* [TASK INSTRUCTIONS] Restate the listing word for word; omit the images.
####
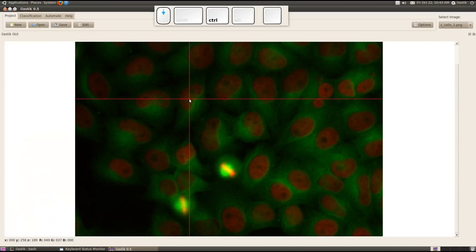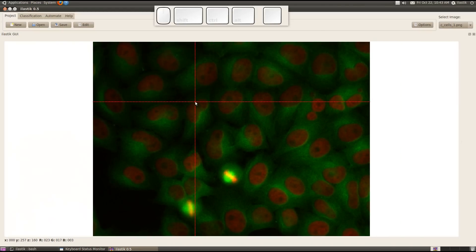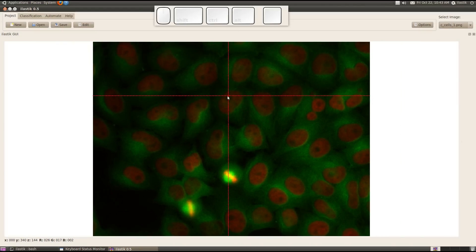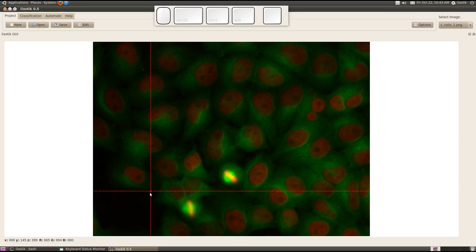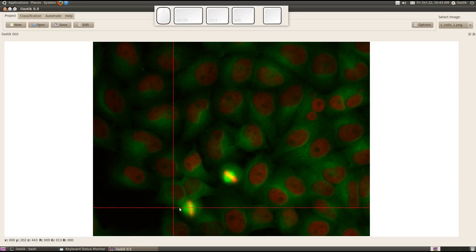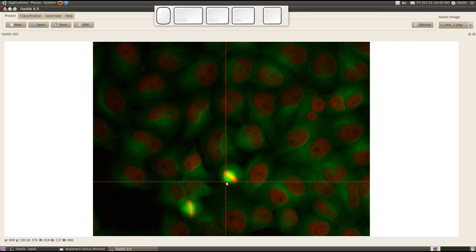So what we see here are cell nuclei in red. In green there is cell cytoplasm. We also have background and a special phenotype over here, which is a mitotic cell.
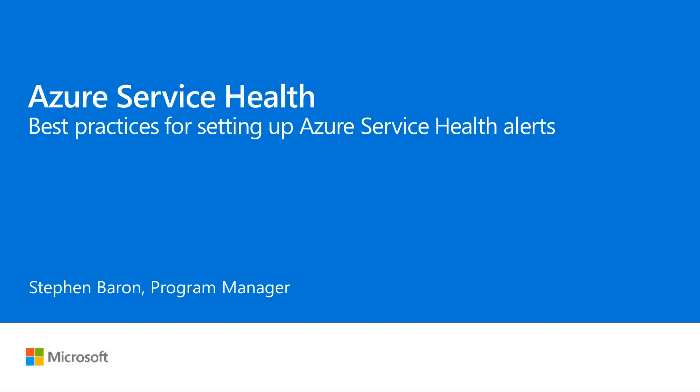Hi, my name is Stephen Baron and I'm a Program Manager at Microsoft. Today, I'll be going over best practices for setting up Azure Service Health Alerts.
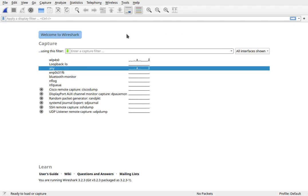I'm going to use Wireshark to show you what happens when we run that simple client server program. Right now we're looking at Wireshark. It's an open source network analyzer.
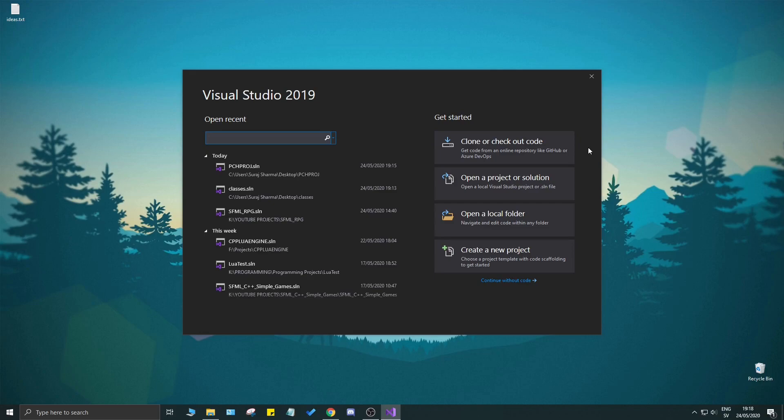Hey guys and girls, welcome back to another video on this channel. I hope you're doing great. Please check out the description box for all the links, drop a like, subscribe if you like the content, and check out the top right for even more links to different playlists.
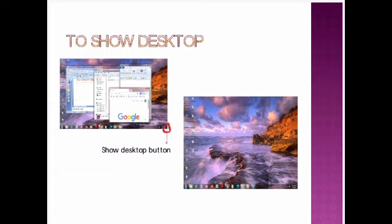So, now you are able to view the desktop. This is your how to show the desktop information.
####
* [ANSWER TO THIS TASK]
So what we see here are cell nuclei in red. In green there is cell cytoplasm. We also have background and a special phenotype over here, which is a mitotic cell.
Hi, my name is Stephen Baron and I'm a Program Manager at Microsoft. Today, I'll be going over best practices for setting up Azure Service Health Alerts.
I'm going to use Wireshark to show you what happens when we run that simple client server program. Right now we're looking at Wireshark. It's an open source network analyzer.
Hey guys and girls, welcome back to another video on this channel. I hope you're doing great. Please check out the description box for all the links, drop a like, subscribe if you like the content, and check out the top right for even more links to different playlists.
So, now you are able to view the desktop. This is your how to show the desktop information.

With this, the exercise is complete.